PHP RFC: Harmonise "untyped" and "typed" properties
- Version: 0.5
- Date: 2023-11-20
- Author: Rowan Tommins imsop@php.net
- Status: Draft
- First Published at: http://wiki.php.net/rfc/mixed_vs_untyped_properties
Introduction
This RFC proposes to remove or at least minimise the distinction between “typed” and “untyped” properties, by treating any property with no type information as though it was declared mixed
. This is primarily aimed to reduce confusion around different states, error messages, and behaviours.
PHP currently has three primary ways of adding properties to an object:
- Dynamically. The property is created automatically on a specific instance when it is first assigned to, and can be deleted completely using
unset
. - Declared, with optional visibility. The property is part of the class definition, and allocated on every instance, even if it is never assigned. The behaviour of
unset
is complex, hiding but not fully deleting the property. - Declared with a type. In addition to being allocated on every instance, the property is covered by extra guards on assignment to guarantee its type. If it is never assigned a value, or passed to
unset
, it is assigned a special “uninitialized” state.
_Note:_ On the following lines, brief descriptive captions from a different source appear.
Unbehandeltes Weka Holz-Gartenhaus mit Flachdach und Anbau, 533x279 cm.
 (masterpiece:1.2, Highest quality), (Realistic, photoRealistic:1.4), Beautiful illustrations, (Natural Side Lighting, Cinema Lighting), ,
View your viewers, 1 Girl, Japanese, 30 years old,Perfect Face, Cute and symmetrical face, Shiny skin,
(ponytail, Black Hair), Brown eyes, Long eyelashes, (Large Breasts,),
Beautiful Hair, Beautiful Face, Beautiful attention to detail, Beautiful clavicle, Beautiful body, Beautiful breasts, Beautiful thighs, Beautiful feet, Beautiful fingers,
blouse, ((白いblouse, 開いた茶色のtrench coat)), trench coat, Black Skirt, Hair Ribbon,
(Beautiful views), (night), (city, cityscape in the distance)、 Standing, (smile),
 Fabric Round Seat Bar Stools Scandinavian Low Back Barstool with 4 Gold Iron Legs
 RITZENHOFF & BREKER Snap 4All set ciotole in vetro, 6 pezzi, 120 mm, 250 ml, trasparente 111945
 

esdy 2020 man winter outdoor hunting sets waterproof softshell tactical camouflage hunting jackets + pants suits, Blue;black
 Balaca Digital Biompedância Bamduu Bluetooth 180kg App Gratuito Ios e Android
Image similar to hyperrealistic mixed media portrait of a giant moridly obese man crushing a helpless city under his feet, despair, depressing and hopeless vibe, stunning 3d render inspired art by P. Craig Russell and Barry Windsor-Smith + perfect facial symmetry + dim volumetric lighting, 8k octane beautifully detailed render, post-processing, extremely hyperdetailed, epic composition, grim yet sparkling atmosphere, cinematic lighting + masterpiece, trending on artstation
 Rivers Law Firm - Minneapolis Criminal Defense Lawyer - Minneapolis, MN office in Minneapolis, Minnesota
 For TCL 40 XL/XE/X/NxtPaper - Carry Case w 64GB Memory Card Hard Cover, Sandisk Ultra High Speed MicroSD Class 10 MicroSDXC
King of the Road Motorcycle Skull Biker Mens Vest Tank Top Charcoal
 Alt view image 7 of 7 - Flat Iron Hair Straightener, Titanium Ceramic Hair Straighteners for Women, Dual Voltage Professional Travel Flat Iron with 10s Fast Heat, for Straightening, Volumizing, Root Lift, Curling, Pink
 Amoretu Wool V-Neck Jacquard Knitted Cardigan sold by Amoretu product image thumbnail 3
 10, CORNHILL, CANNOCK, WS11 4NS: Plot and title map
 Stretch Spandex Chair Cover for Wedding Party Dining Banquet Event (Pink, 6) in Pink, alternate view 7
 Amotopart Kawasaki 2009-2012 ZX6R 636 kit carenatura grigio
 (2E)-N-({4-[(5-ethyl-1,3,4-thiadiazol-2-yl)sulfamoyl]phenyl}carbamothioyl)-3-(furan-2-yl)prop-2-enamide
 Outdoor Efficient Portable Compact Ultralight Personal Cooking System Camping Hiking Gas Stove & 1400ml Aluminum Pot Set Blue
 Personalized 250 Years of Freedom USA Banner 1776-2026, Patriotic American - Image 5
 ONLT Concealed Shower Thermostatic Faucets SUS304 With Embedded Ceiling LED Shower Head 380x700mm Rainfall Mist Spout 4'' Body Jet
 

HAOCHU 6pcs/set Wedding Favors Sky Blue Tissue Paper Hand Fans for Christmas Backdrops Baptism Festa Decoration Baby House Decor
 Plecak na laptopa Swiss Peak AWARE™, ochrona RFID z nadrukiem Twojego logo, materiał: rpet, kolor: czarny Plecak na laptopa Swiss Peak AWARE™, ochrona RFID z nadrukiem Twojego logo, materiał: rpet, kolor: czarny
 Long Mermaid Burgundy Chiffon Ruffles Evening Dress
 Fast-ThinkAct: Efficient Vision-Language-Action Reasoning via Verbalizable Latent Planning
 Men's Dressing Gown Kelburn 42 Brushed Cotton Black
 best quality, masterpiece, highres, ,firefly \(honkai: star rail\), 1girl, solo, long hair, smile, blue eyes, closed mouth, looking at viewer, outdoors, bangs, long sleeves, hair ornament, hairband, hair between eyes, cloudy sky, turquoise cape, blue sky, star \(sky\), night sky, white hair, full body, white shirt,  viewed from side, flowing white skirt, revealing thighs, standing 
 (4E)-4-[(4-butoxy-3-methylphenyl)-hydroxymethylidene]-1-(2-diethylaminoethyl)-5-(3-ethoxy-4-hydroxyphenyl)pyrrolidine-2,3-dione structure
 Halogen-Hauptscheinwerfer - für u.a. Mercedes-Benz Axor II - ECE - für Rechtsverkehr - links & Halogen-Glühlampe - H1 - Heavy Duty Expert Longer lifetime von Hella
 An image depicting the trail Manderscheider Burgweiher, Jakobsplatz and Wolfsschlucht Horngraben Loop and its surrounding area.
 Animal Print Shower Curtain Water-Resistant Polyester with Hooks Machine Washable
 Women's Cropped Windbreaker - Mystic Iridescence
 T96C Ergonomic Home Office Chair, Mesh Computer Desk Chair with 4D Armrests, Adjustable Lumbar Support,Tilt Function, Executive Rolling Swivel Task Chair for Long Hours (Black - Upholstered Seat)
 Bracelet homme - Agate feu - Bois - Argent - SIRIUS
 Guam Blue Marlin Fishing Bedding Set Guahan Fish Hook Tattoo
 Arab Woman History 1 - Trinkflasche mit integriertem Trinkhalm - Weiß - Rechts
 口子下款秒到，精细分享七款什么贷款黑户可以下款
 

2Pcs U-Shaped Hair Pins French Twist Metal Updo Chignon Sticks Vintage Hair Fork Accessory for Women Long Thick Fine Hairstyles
The different behaviours of these properties are largely a result of the history of the language, rather than a consistent design. In particular, with the addition of the ''mixed'' type, it would seem logical for private $foo;
to be short-hand for private mixed $foo;
, since no type-guards are needed; but this is not currently the case.
Current Behaviour
Initial State and Unset
The three types of property vary in their initial state, and in their state after calling unset
, as can be seen in these three demos, which run the same code with the three types of property: dynamic property, untyped property, typed property.
The states can be summarised in this table:
Property Declaration | Initial state | After assignment | After unset | After re-assignment |
---|---|---|---|---|
#[AllowDynamicProperties] | Undefined | Defined, public | Undefined | Defined, public |
private $foo; | null | Defined, private | ? | Defined, private |
private mixed $foo; | Uninitialized | Defined, private | Uninitialized | Defined, private |
Where:
- “Defined” is straight-forward: the property exists, and can be read subject to visibility constraints.
- “Undefined” means the property does not exist on the object. It does not show up in views such as
var_dump
. Attempting to read it currently produces a Warning, but will produce an Error in PHP 9.0. - “Uninitialized” is a special state introduced as part of the introduction of typed properties to handle cases where neither
null
nor an inline initializer can be used. The property is still treated as present on the instance, but with a special value/state; in the example, thevar_dump
output shows this as[“foo”:“A”:private] => uninitialized(mixed)
The state marked “?”, for untyped properties after unset
, is a complex one:
- In output such as
var_dump
, it is not listed, as with “undefined” - *Reading* it gives a Warning (and future Error) of “Undefined property”
- Reading or writing still obeys the original visibility constraint - reading an
unset
private property from outside the class gives “Cannot access private property”, not “Undefined property” - Writing to it does not give the deprecation notice for “Creation of dynamic property”; instead, the original declaration (including any visibility specifier) is silently re-used
Dynamic properties will be prohibited on most classes in 9.0, giving the following if we don't make other changes:
var_dump output | Error on read | Error on write | |
---|---|---|---|
Not declared on class | Not shown | “Undefined property” | “Creation of dynamic property” (unless on stdClass or with #[AllowDynamicProperties] ) |
Declared then unset | Not shown | “Undefined property” | None |
Typed and uninitialized | uninitialized(mixed) | “must not be accessed before initialization” | None |
Variance under inheritance
In a “gradual typing” system such as PHP's, any type that is unspecified is usually analysed as though it has the widest possible type for that position. The language itself makes such an analysis for enforcing correct variance rules in inheritance:
- A method parameter with no type specified is equivalent to
mixed
. As input is contravariant, sub-classes cannot change to any narrower type, but can freely add or omit themixed
keyword. - A method which specifies no return type may return any type, or the pseudo-types
void
andnever
; conceptually, it returnsmixed|void|never
(although that union cannot be specified explicitly). As return types are covariant, sub-classes can change to any narrower type, includingmixed
; but omitting the type if the parent specified it would be widening the type tomixed|void|never
, so is not allowed.
Properties are invariant (as they can be both written to and read from), so sub-classes must declare them with an exactly equivalent type. As with parameters, the widest possible type is mixed
, but this is not currently considered equivalent.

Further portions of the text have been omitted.